Por eso le preguntan por los derechos de los españoles y él contesta hablando del papel del Instituto Cervantes en el fomento del castellano en el extranjero. Por eso su partido llega a proclamar que sólo la imposición del catalán como lengua vehicular garantiza la igualdad en la enseñanaza, como si la única forma de que los ciudadanos seamos igualmente libres fuera meternos a todos en la misma cárcel. La mentira es la verdad. Este congreso del PSOE debería ser el que sustituya a Pablo Iglesias por George Orwell.

¿Y qué me dicen de su performance del miércoles en el pleno monográfico sobre la situación económica? Zapatero convirtió durante cinco horas la tribuna del Congreso en el gabinete del profesor Gazzaniga. El hemisferio izquierdo de su cerebro no dejaba de transmitir -eso sí, con menor elocuencia que de costumbre- mensajes triunfalistas sobre lo bien que habían ido hasta ahora las cosas, los grandes logros de España gracias al funcionamiento de la economía de mercado y lo rápida que será nuestra recuperación en línea con la tesis de la efímera fiebre infantil enunciada por nuestro primer banquero. En cambio la cruda realidad actual llegaba atenuada por todo tipo de filtros, excusas y eufemismos como si sólo hubiera podido ser captada por un silente hemisferio derecho desconectado del resto de las funciones cognitivas.

Los turnos de réplica y contrarréplica equivalieron entonces al momento en que el neuropsicólogo pide a los pacientes que identifiquen sus percepciones con los iconos que más relación guarden con ellas. La mano izquierda de Zapatero señaló entonces un símbolo que le representara a sí mismo -pongamos las dichosas cejas- como artífice del éxito del capitalismo español y la mano derecha no pudo por menos que fijarse sobre el puño y la rosa. Pero no porque estuviera dispuesto a asumir ninguna responsabilidad en nombre de su partido, su política o sus ideas ante la legión de damnificados por la inflación, el desempleo o la subida de las hipotecas, sino porque -¡oh milagro de la disonancia cognitiva!- su psique ya había encontrado su propia regla de conformidad: España es el paraíso de los multimillonarios porque yo hago una política socialdemócrata. Ni siquiera la advertencia del portavoz del PNV sobre lo poco «socialdemócrata» que es devolver los 400 euros tanto a Botín como a su jardinero sirvió para bajarle de la nube.

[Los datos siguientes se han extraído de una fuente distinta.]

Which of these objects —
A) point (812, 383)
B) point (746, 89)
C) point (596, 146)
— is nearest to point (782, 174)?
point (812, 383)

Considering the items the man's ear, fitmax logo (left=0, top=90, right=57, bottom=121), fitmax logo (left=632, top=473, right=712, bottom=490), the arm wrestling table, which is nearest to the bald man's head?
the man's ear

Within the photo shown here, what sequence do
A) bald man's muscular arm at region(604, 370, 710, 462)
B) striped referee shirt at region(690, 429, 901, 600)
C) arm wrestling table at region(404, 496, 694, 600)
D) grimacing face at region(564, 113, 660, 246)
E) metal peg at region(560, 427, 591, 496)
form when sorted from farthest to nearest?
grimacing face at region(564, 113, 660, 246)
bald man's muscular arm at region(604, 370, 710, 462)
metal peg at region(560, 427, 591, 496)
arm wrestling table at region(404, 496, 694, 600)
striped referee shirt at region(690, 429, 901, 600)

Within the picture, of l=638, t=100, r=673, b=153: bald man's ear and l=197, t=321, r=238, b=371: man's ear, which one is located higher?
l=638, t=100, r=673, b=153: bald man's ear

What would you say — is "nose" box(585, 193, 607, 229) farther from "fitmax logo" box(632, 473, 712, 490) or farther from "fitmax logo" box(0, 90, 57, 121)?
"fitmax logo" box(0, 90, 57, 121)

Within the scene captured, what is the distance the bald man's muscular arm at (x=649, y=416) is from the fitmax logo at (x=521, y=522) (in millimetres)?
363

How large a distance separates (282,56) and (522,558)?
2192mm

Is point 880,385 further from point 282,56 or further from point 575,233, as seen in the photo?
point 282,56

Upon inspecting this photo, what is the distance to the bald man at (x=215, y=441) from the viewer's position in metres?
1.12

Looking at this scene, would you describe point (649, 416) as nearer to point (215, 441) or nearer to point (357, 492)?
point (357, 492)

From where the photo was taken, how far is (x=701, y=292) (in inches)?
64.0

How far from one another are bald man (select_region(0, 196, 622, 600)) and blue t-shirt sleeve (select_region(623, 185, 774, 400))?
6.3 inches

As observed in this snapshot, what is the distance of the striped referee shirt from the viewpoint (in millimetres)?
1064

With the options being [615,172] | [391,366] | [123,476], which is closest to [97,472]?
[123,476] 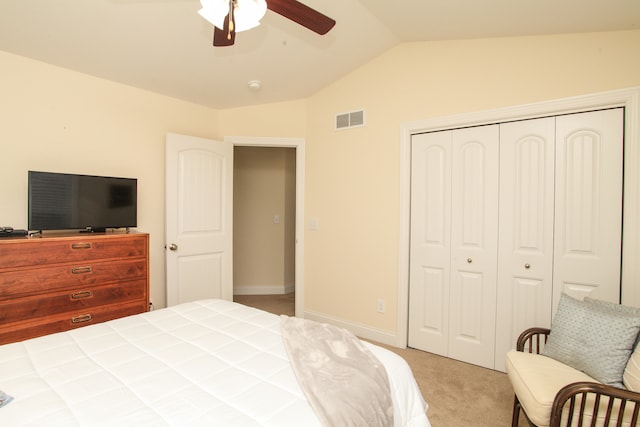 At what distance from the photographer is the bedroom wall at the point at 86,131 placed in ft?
7.90

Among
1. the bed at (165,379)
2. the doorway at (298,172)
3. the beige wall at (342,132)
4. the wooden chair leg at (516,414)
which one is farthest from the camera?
the doorway at (298,172)

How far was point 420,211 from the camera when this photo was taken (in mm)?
2934

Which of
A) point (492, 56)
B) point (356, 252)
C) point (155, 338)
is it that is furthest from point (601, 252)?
point (155, 338)

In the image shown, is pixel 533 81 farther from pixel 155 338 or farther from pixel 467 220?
pixel 155 338

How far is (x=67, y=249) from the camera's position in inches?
89.6

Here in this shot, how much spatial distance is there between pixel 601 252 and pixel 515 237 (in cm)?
51

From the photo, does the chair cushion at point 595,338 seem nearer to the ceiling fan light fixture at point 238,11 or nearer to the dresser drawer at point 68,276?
the ceiling fan light fixture at point 238,11

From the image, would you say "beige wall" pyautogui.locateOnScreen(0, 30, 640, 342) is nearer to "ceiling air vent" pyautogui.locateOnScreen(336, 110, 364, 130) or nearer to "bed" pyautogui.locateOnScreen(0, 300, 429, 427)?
"ceiling air vent" pyautogui.locateOnScreen(336, 110, 364, 130)

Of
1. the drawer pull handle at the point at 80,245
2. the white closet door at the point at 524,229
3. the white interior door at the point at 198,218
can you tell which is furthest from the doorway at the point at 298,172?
the white closet door at the point at 524,229

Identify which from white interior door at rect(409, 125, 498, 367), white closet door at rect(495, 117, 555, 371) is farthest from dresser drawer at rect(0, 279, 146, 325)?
white closet door at rect(495, 117, 555, 371)

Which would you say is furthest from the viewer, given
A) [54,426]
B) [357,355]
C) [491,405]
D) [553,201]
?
[553,201]

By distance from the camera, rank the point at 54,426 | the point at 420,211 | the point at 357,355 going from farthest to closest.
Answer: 1. the point at 420,211
2. the point at 357,355
3. the point at 54,426

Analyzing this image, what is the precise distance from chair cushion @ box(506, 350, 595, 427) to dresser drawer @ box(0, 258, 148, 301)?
2.76m

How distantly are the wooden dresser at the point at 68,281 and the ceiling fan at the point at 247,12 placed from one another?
1.86m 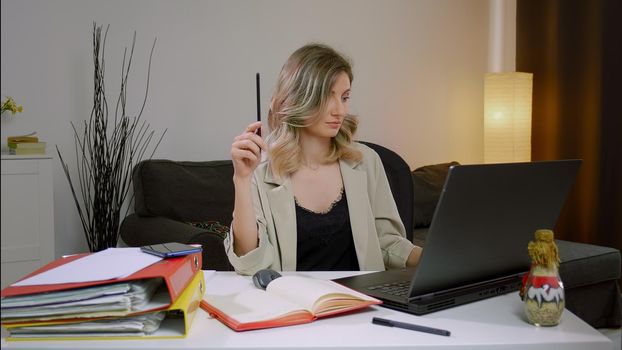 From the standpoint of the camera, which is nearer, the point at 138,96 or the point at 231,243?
the point at 231,243

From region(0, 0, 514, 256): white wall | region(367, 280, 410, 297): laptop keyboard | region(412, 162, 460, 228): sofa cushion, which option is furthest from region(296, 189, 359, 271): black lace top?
region(412, 162, 460, 228): sofa cushion

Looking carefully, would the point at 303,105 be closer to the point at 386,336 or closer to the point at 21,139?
the point at 386,336

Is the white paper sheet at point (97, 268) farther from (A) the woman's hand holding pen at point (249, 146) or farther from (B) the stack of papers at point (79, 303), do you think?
(A) the woman's hand holding pen at point (249, 146)

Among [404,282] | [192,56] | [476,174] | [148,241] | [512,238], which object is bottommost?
[148,241]

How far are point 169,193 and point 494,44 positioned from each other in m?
2.99

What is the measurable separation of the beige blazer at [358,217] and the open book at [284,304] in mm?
407

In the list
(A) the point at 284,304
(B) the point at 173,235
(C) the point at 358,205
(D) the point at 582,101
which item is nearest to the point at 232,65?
(B) the point at 173,235

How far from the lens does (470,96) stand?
4.97 metres

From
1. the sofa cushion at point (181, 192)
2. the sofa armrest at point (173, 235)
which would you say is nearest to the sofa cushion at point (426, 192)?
the sofa cushion at point (181, 192)

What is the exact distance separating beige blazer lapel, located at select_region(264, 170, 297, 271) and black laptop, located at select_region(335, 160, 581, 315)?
0.37 metres

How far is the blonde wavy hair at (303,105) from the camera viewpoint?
1831 millimetres

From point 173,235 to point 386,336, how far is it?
179cm

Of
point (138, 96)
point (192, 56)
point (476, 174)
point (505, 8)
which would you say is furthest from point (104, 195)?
point (505, 8)

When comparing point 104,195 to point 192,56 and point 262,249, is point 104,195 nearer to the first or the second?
point 192,56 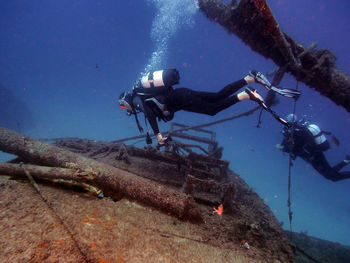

¿Pero es que acaso cuando usted nos contó en marzo del año pasado que el presidente se había operado de miopía, en realidad se había sometido a esa separación del cerebro mediante la comisurectomía?, me preguntarán a estas alturas los lectores más tenaces de estas cartas. No me consta. Una cosa es que la experiencia demuestre que no le terminaron de arreglar sus problemas agudos de visión y otra que en aquel quirófano el asunto pasara a mayores.

La explicación es mucho más sencilla y nos la daba el profesor de psicología de la Universidad de Deusto Miguel Angel Vadillo en un reciente artículo en el que comentaba los descubrimientos de Festinger y Gazzaniga: «El ser humano tal vez no sea un animal muy racional, pero de lo que no hay duda es de que es un animal un poco obsesionado por la coherencia. Y también por la apariencia... Lo peor es que esta tendencia a dar explicaciones de lo que hacemos acaba convirtiéndonos en esclavos de lo que ya hemos hecho... Una vez elegida la pala, preferimos ponernos a limpiar el gallinero antes que reconocer que no sabemos por qué la elegimos». ¿A que nunca les habían explicado así de bien el síndrome de La Moncloa?

Pedro J. Ramírez, director de El MUNDO.